YOUR GOAL —
Retype, without any change, the first line of the records and every line after it through the one containing "988 Menlo Avenue, Menlo".

RECORDS SUPPLIED —
━━━━━━━━━━━━━━━━

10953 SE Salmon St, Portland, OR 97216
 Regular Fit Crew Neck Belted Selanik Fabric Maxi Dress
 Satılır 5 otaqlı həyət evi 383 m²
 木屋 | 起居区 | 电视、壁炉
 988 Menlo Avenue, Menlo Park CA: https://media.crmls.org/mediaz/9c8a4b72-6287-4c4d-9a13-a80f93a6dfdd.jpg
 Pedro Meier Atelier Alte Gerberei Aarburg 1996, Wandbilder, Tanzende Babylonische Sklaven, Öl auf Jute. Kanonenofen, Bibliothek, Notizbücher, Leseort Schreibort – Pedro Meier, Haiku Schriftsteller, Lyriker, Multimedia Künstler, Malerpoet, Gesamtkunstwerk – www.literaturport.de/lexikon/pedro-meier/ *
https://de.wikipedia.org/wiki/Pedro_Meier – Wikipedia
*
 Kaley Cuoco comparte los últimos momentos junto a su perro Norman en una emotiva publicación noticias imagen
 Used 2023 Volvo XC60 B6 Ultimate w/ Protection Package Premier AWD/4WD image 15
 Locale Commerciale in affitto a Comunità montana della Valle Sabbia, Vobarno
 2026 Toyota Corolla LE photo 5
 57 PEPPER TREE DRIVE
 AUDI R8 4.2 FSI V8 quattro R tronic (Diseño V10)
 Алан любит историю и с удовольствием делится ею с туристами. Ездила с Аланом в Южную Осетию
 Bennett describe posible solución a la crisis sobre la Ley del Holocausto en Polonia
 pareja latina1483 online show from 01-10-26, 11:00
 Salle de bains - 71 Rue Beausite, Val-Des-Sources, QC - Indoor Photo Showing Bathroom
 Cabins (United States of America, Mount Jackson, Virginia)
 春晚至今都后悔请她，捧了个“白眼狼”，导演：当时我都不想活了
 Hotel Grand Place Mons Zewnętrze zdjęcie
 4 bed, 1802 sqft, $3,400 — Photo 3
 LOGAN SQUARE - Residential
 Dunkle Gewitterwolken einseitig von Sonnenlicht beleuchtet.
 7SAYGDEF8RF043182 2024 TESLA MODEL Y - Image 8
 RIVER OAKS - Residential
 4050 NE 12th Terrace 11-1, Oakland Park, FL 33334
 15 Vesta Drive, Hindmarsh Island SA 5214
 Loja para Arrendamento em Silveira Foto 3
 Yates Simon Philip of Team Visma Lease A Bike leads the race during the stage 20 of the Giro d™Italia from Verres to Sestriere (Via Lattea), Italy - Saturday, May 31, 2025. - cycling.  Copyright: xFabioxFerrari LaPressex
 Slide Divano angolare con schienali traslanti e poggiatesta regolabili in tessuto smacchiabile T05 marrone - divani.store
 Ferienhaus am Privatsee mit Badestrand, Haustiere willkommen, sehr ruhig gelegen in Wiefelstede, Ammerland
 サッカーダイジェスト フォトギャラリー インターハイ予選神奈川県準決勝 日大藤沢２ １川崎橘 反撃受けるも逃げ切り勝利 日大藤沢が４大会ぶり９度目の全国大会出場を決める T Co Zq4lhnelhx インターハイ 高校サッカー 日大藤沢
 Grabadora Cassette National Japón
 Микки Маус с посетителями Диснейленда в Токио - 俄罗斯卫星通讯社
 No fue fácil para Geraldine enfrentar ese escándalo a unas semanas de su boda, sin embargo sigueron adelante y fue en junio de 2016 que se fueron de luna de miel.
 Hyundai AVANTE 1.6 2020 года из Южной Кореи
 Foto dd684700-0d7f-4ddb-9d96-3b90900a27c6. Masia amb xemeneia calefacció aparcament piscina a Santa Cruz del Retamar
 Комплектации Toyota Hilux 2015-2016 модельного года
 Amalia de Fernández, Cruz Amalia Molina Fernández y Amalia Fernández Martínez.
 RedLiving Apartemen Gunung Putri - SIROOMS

━━━━━━━━━━━━━━━━

EXPECTED ANSWER —
10953 SE Salmon St, Portland, OR 97216
 Regular Fit Crew Neck Belted Selanik Fabric Maxi Dress
 Satılır 5 otaqlı həyət evi 383 m²
 木屋 | 起居区 | 电视、壁炉
 988 Menlo Avenue, Menlo Park CA: https://media.crmls.org/mediaz/9c8a4b72-6287-4c4d-9a13-a80f93a6dfdd.jpg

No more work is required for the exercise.